Exercise details ▸
An exact reproduction is required of the lines from the beginning of the entries through the line with "Prisoner making bed", pictures excluded and nothing added.

Short web captions
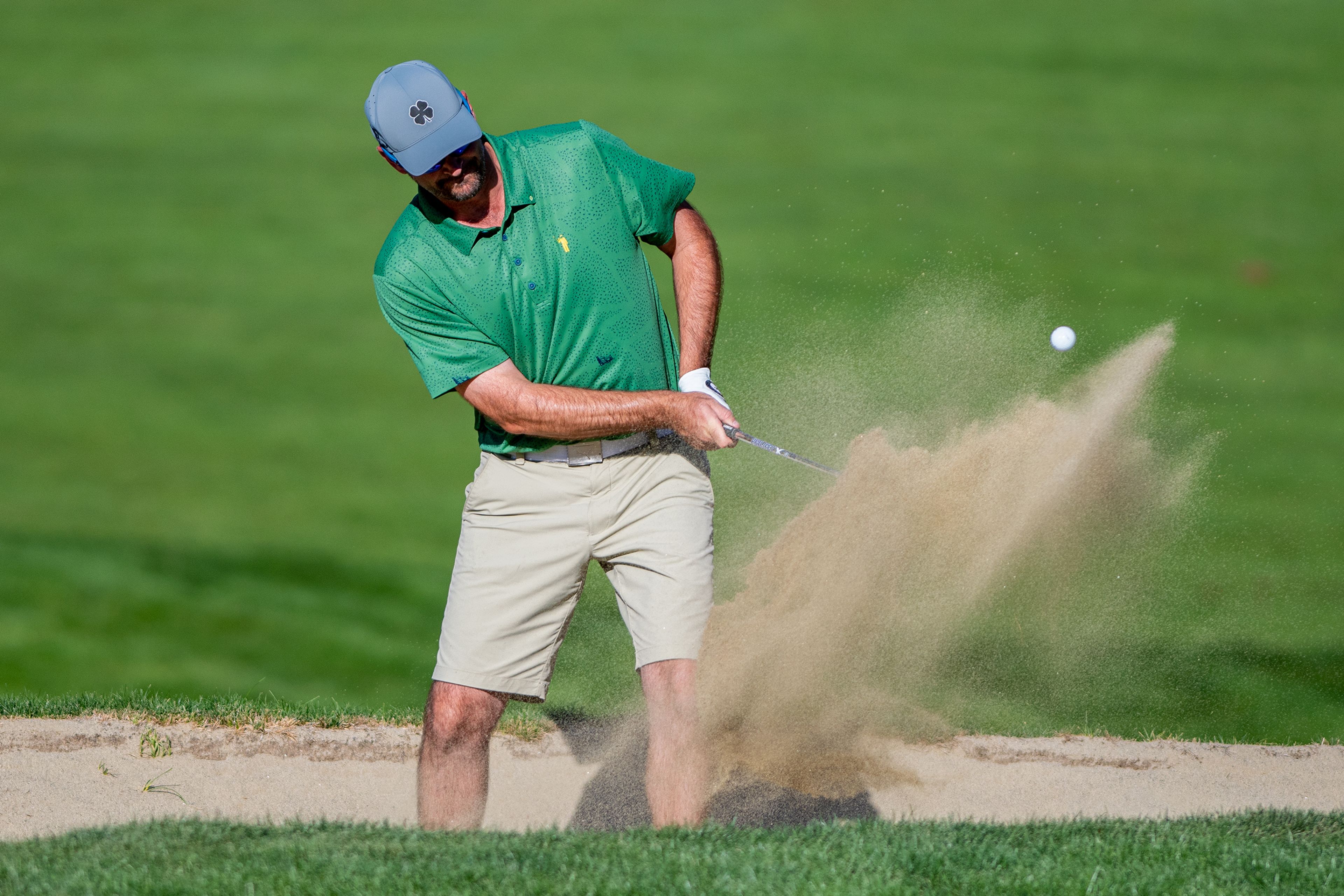 Corey Brown chips out of sand trap on the 16th hole during the 2022 Sole Survivor golf tournament at the Lewiston Golf and Country Club on Monday.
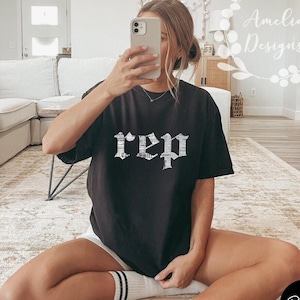 Może przedstawiać: Czarny t-shirt z nadrukiem słowa "rep" w białym kolorze w stylu gotyckim. Koszulkę nosi osoba siedząca na dywanie.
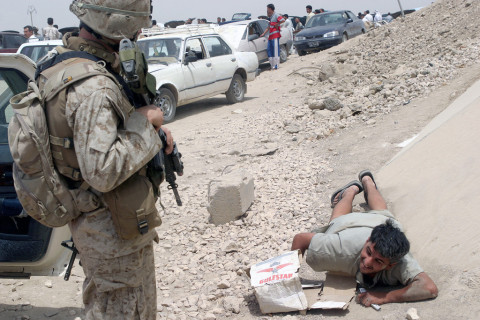 An Iraqi Security Force (ISF) Commando with US Marine Corps guards a civilian as his vehicle, and others, is searched near Ar Ramadi.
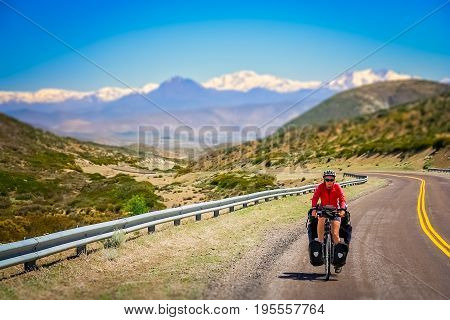 Woman cycling on the famous national Ruta 40 
 quarenta in central Argentina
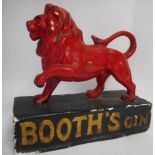 A Booths Gin advertising figure: the red painted plaster lion mounted on a rectangular base,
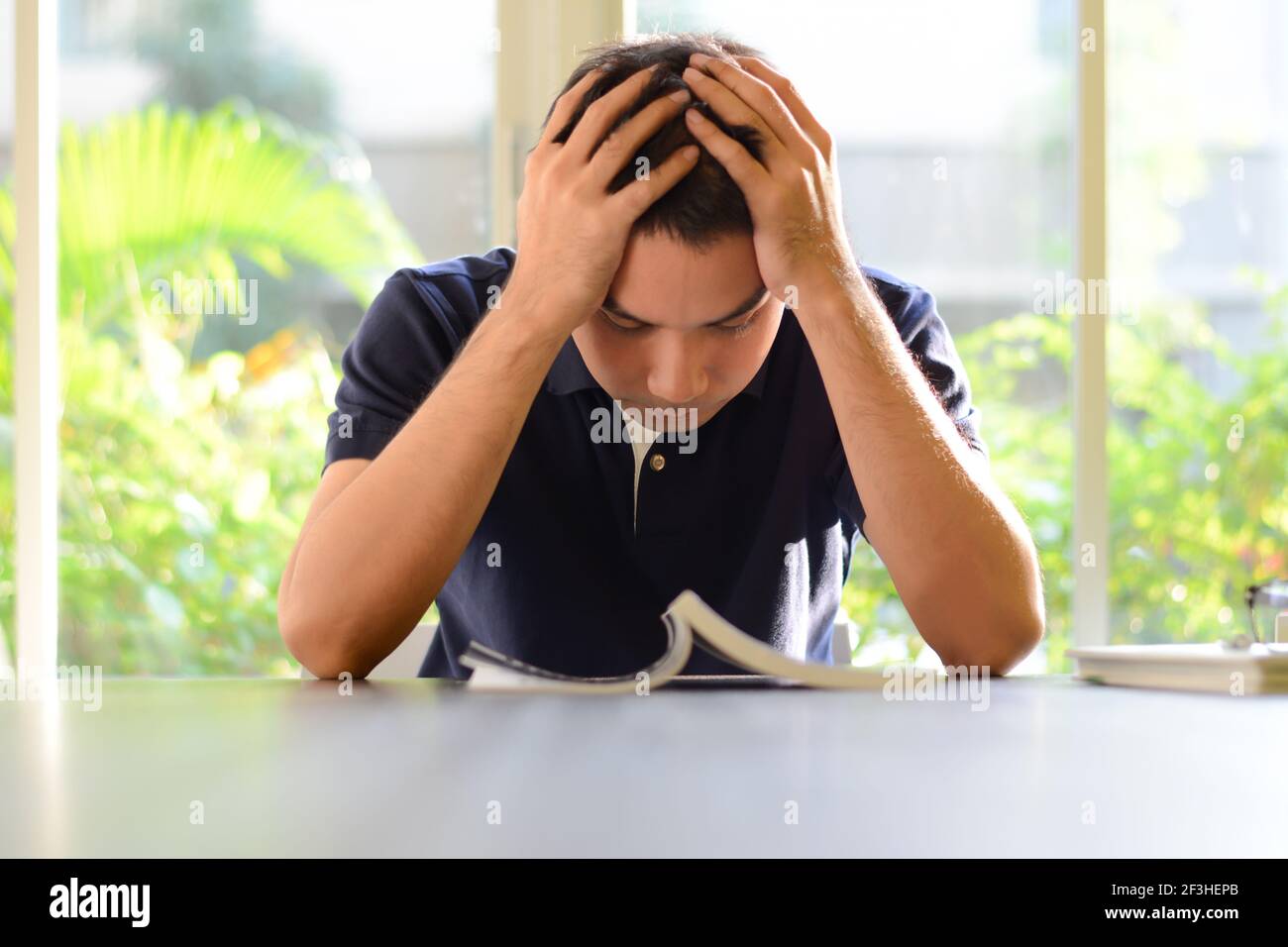 Giovane uomo che tiene la testa con le mani, stanco di leggere e studiare Foto Stock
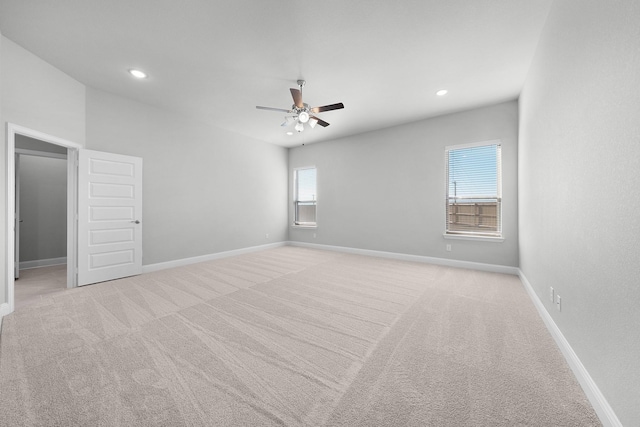 carpeted spare room featuring ceiling fan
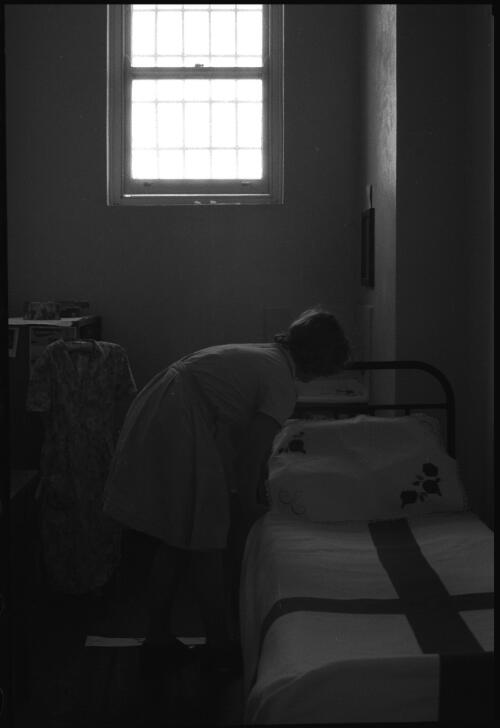 Prisoner making bed in cell, State Reformatory for Women, Long Bay, Sydney [2] [picture] / John Mulligan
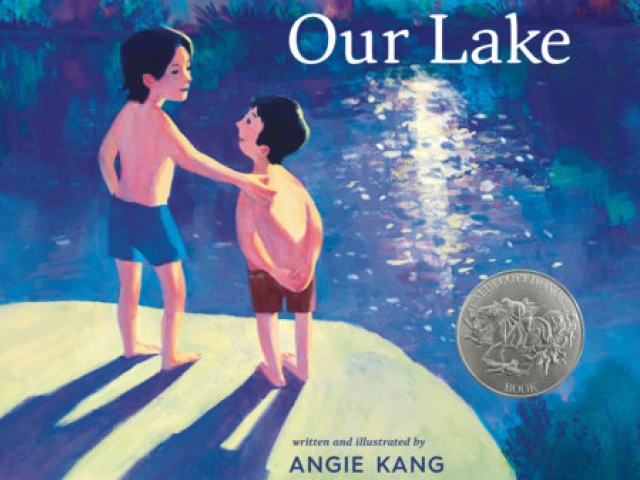 Two boys in swim trunks stand in front of a blue lake.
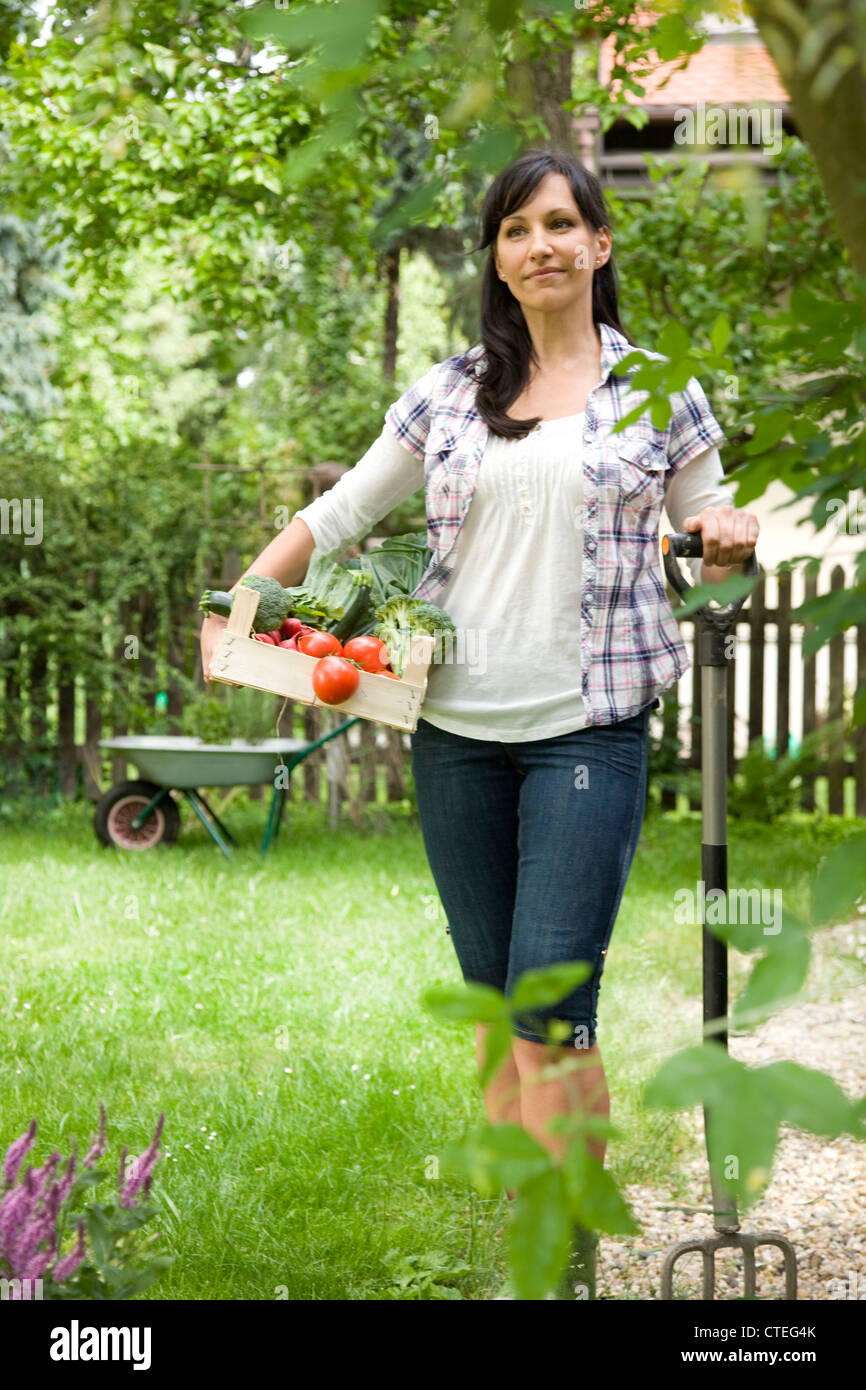 Donna che trasportano verdure fresche in giardino Foto Stock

Solution to the problem ▸
 Corey Brown chips out of sand trap on the 16th hole during the 2022 Sole Survivor golf tournament at the Lewiston Golf and Country Club on Monday.
 Może przedstawiać: Czarny t-shirt z nadrukiem słowa "rep" w białym kolorze w stylu gotyckim. Koszulkę nosi osoba siedząca na dywanie.
 An Iraqi Security Force (ISF) Commando with US Marine Corps guards a civilian as his vehicle, and others, is searched near Ar Ramadi.
 Woman cycling on the famous national Ruta 40 
 quarenta in central Argentina
 A Booths Gin advertising figure: the red painted plaster lion mounted on a rectangular base,
 Giovane uomo che tiene la testa con le mani, stanco di leggere e studiare Foto Stock
 carpeted spare room featuring ceiling fan
 Prisoner making bed in cell, State Reformatory for Women, Long Bay, Sydney [2] [picture] / John Mulligan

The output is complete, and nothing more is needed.